Il licenziamento di Smith è stato accolto con maggiore sorpresa rispetto agli altri, perché era considerato uno dei membri più competenti del governo e quello che aveva contribuito maggiormente a risolvere la crisi di governo nella regione, durata tre anni.

Quasi tutti i ministri licenziati erano in carica dal luglio del 2019, quando si era insediato il primo governo di Johnson. I loro sostituti sono già stati in parte annunciati: tra gli altri Suella Braverman è la nuova procuratrice generale e Rishi Sunak è il nuovo ministro delle Finanze. Hanno entrambi 39 anni.

Il rimpasto era stato ampiamente anticipato nei giorni scorsi dai media britannici, ed è stato giustificato da fonti vicine a Johnson con la necessità di «promuovere una nuova generazione di talenti per i prossimi anni», ha scritto il Guardian (anche se la maggior parte di quelli licenziati, in realtà, non erano così anziani). La motivazione politica dietro al rimpasto è principalmente quella di rafforzare la leadership di Johnson e smuovere l’attività dell’esecutivo dopo i tre anni e mezzo di stallo seguiti al referendum su Brexit.

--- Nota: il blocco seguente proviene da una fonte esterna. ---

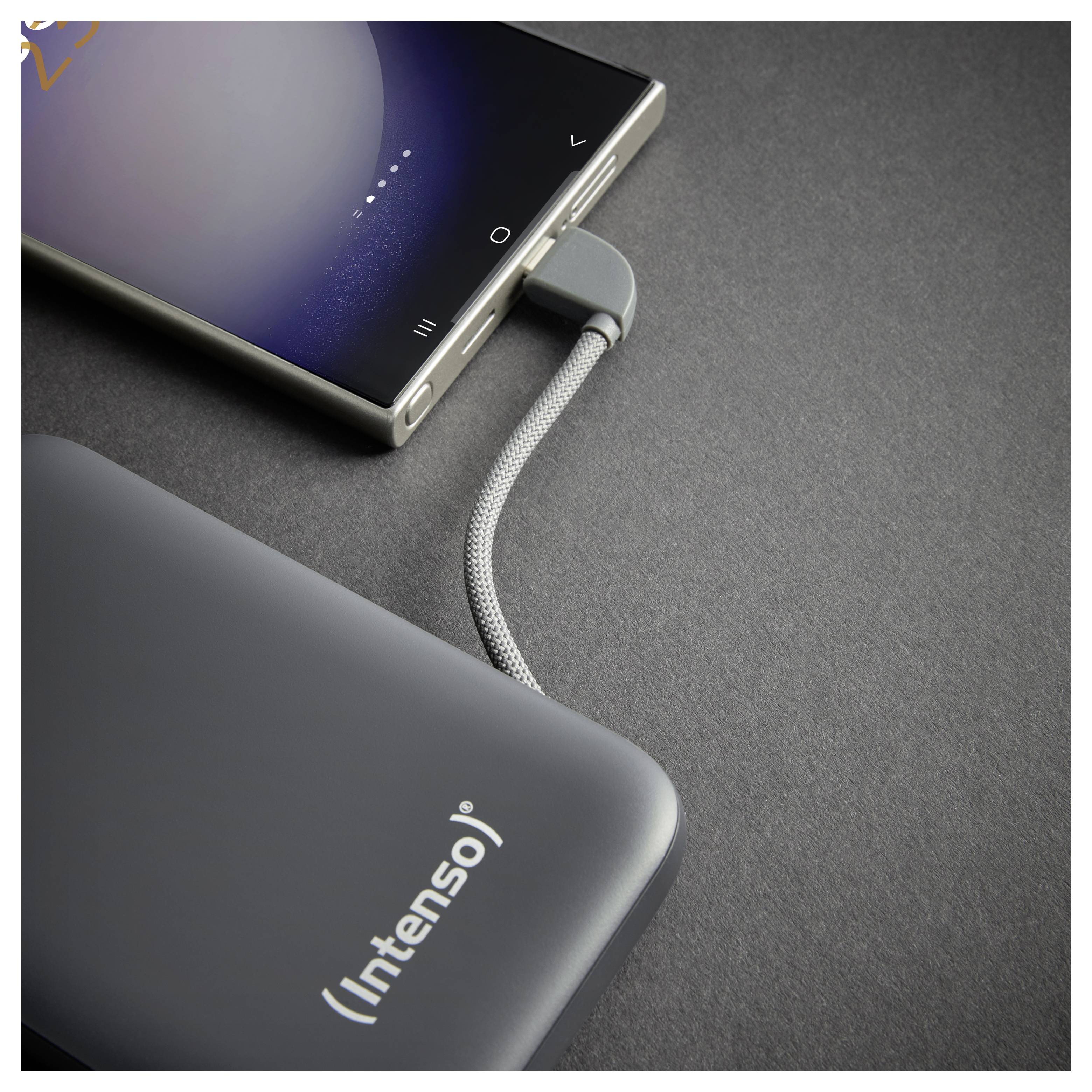 Smartphone verbunden mit einer grauen Intenso-Powerbank mit geflochtenem Kabel auf einer dunklen Oberfläche, was auf Laden oder Datenübertragung hindeutet.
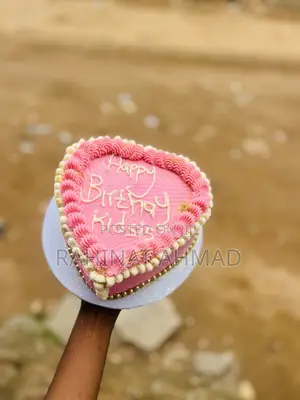 7inches Heart Vanilla Birthday Cake 1 Layer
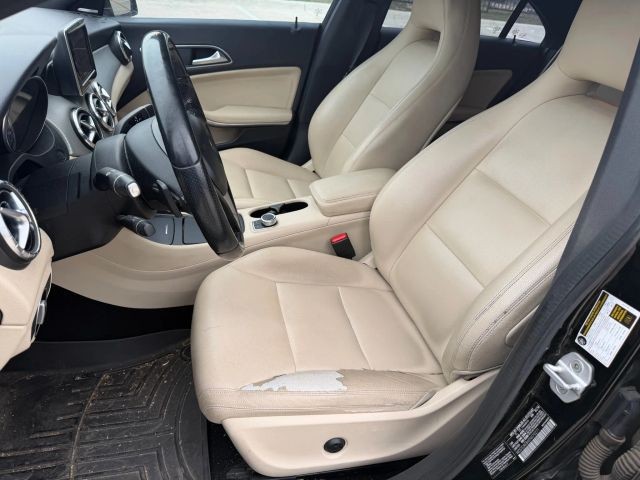 Mercedes-Benz CLA-Class Vehicle Full-screen Gallery Image 12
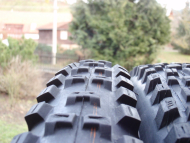 Pláště Maxxis Assegai 29x2.50WT + Schwalbe Big Betty 29x2.40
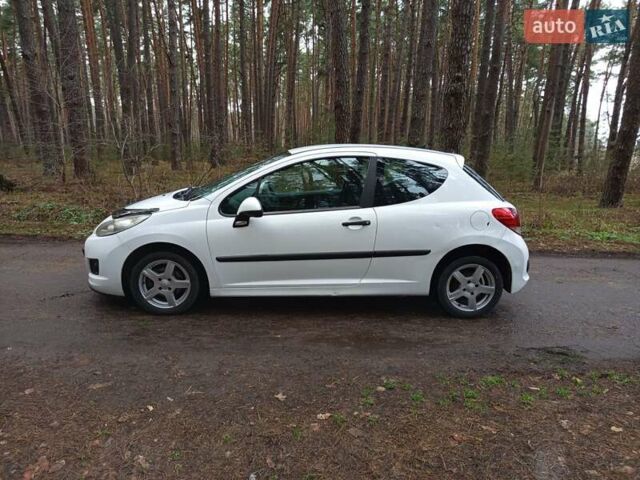 Белый Пежо 207, объемом двигателя 1.36 л и пробегом 269 тыс. км за 3000 $, фото 2 на Automoto.ua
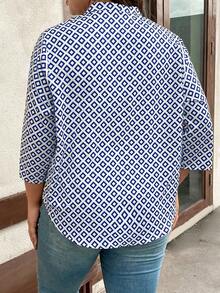 SHEIN LUNE Plus Allover Print V Neck Blouse - Blue - View 2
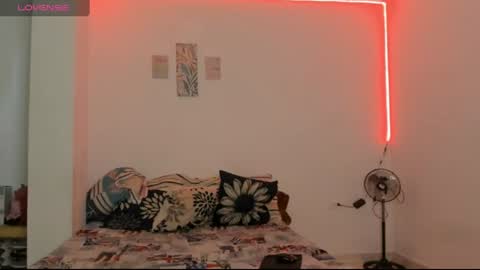 Lola  help me get to 100 thumbs online show from June 2026 03:13:01 PM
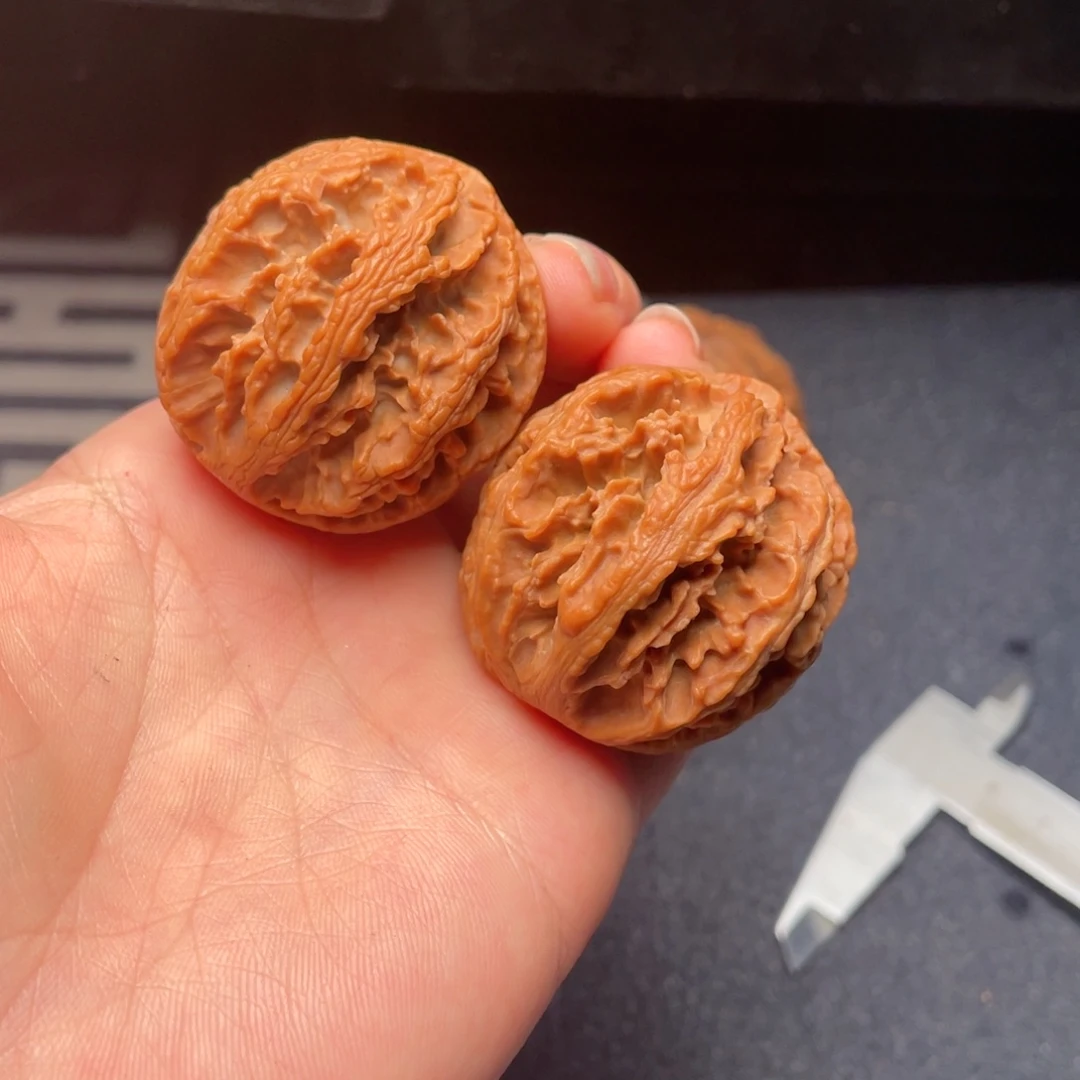 把件文玩核桃秦岭核桃11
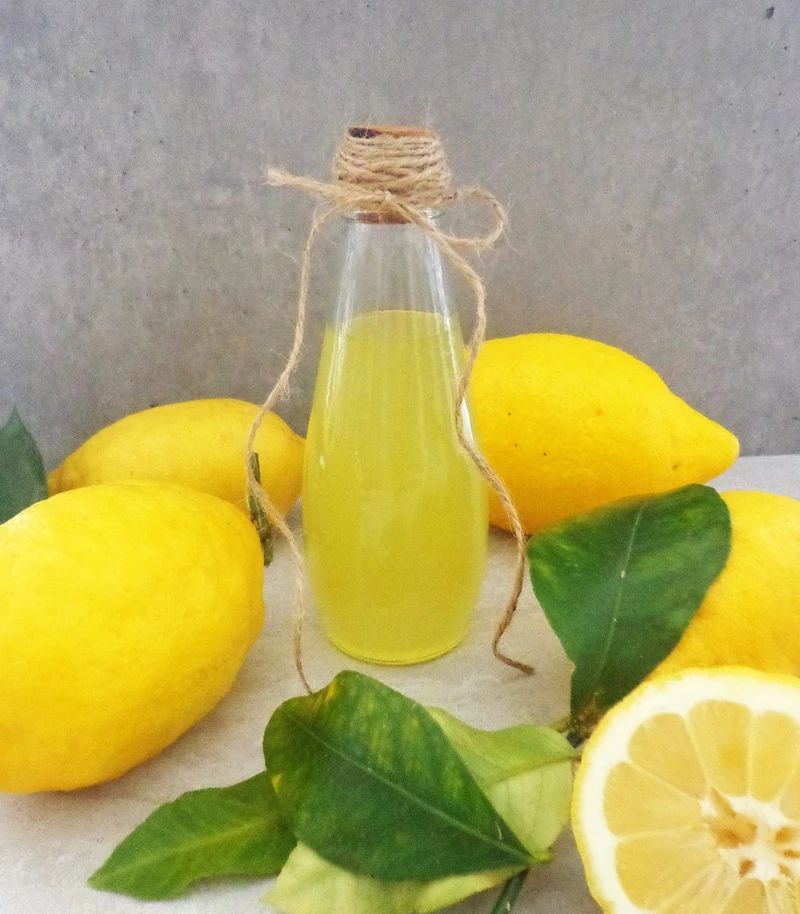 Limoncello - włoski likier cytrynowy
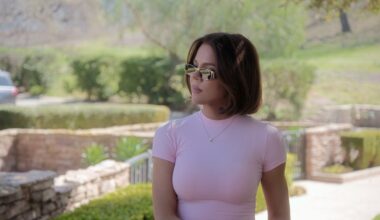 Khloé Kardashian Launches Reality Series ‘The Girls’ On Hulu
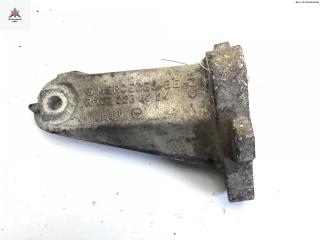 кронштейн двигателя Mercedes-Benz C-Класс W201 [рестайлинг] 1992, 1.8 л., бензин, АКПП, серый, седан, 1022236204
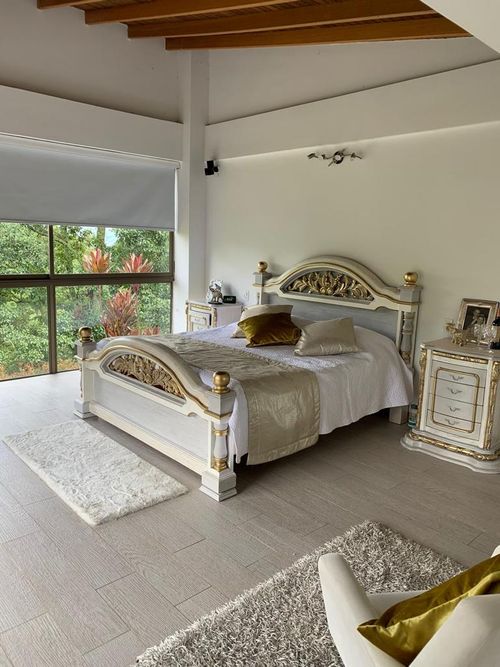 Casa de 4 alcobas en venta en Escobero, Envigado, 387 m² · foto 8 de 24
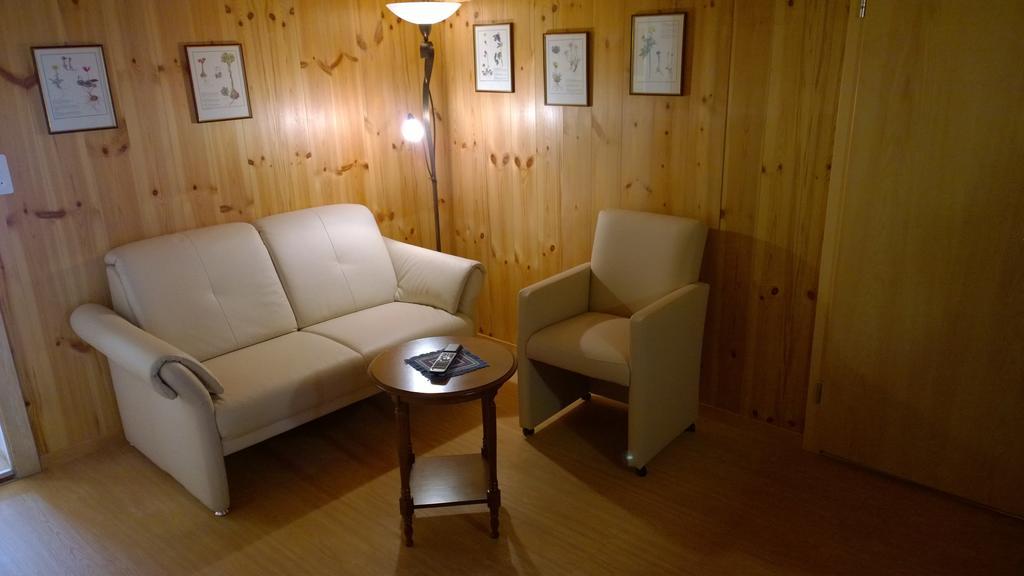 Hotel-Restaurant Drei Tannen Bellwald Szoba fotó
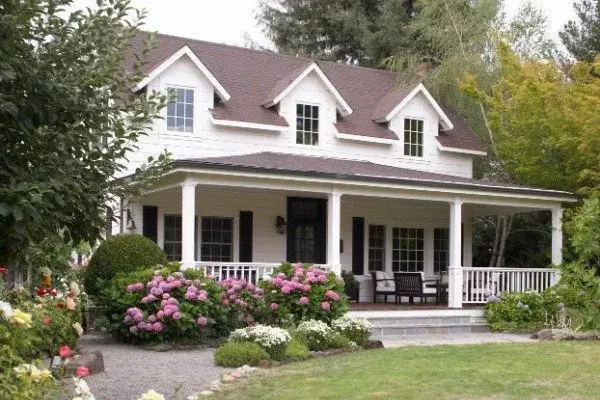 Cape Cod House Near Atlanta - White with Black Trim - Kimberly Painting 600x400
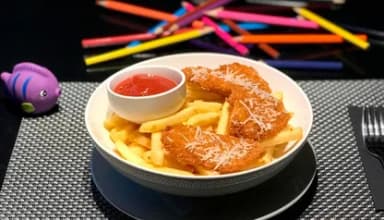 Nuggets con patatas fritas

Dopo le elezioni britanniche dello scorso dicembre, infatti, Johnson aveva lasciato praticamente intatto il suo governo, aspettando un momento più propizio dopo il 31 gennaio, cioè quando è avvenuta ufficialmente Brexit. Nel Regno Unito i rimpasti sono più frequenti e meno traumatici di quanto non siano in Italia, per esempio, perché i ministri possono essere licenziati dal primo ministro, senza molti passaggi formali.